Nature is not natural and can never be naturalized — Graham Harman

Tuesday, July 12, 2011

Nihilism and OOO

Levi has a terrific post up on nihilism. So I'll add to what he wrote only this:

OOO is the least nihilistic view I've found within philosophy. Why?

OOO studiously avoids ontological nihilism. The world does not appear as a function of a distorted void. Nor does it spring from mathematical relationships. If you want a plenum of unique entities for company you need OOO.

Since there is no top or bottom object, it makes no sense to reduce or overmine things. You will be hard pressed to get to nihilism if you can't do those.

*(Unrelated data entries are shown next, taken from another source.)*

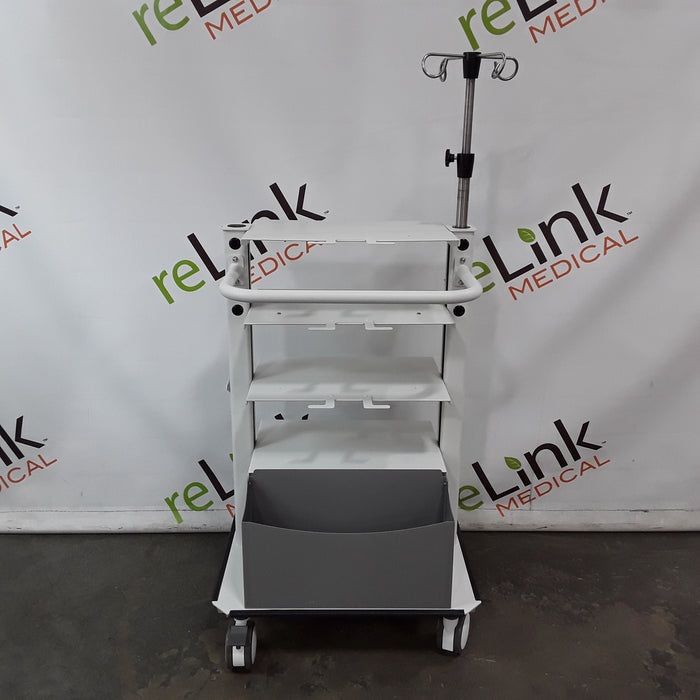 Arthrex AR-6481 Pump Cart, Dual Wave, Pharamacy/Med Cart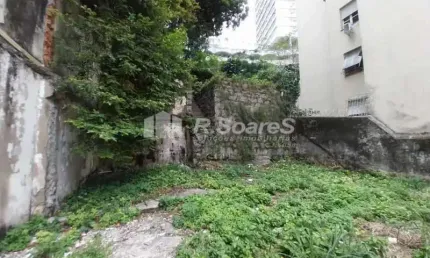 Terreno à venda na Rua General Goes Monteiro, Botafogo, Rio de Janeiro, 643 m2 por R$ 11.500.000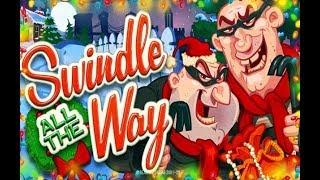 Swindle All The Way Online Slot from Realtime Gaming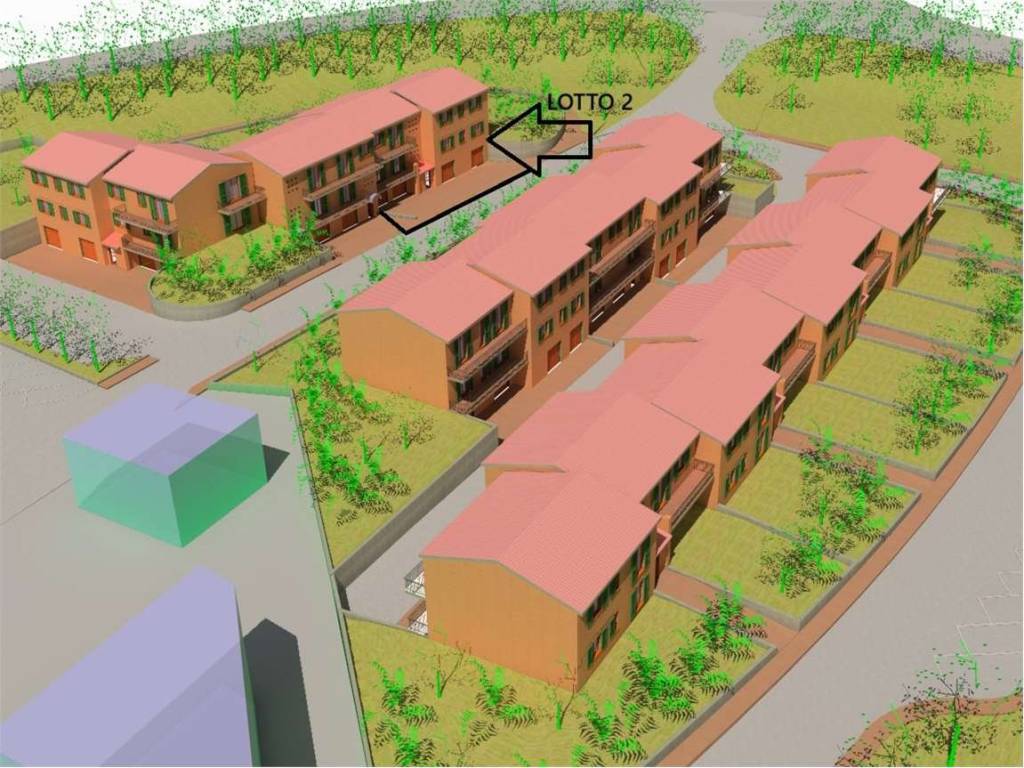 Terreno a Belforte del chienti in via Fernanducci - Foto 2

OOO does to nihilism, and even more importantly to the theism-nihilism tango that forms most of our world, very much what Buddhism does to nihilism. It makes it irrelevant. Rather than assaulting it from the position of theism, which often reinforces it, like an immune response.

Go ahead, be a nihilist. You will be doing so amidst the plenum of unique entities. So what? Think what you like, it's a free universe. Your nihilism simply doesn't dent reality.

It's the difference between ignoring or attacking something--and not identifying with the game of attack and defense and so forth.

If you want nihilism, look no further than correlationism itself. You will find the ingredients of "indifferent universe plus pathetic human meaning" there. Not in OOO.

1 comment:

Bill Benzon said...

"A game of chess between a computer program and a human master is just as profoundly silly as a race between a horse-drawn stagecoach and a train. But the silliness is hard to see at the time. At the time it seems necessary to establish a purpose for humankind by asserting that we have capacities that it does not. To give up the notion that one has to add "because . . . " to the assertion "I'm important" is truly difficult. But the evolution of technology will eventually invalidate any claim that follows "because." Sooner or later we will create a technology capable of doing what, heretofore, only we could."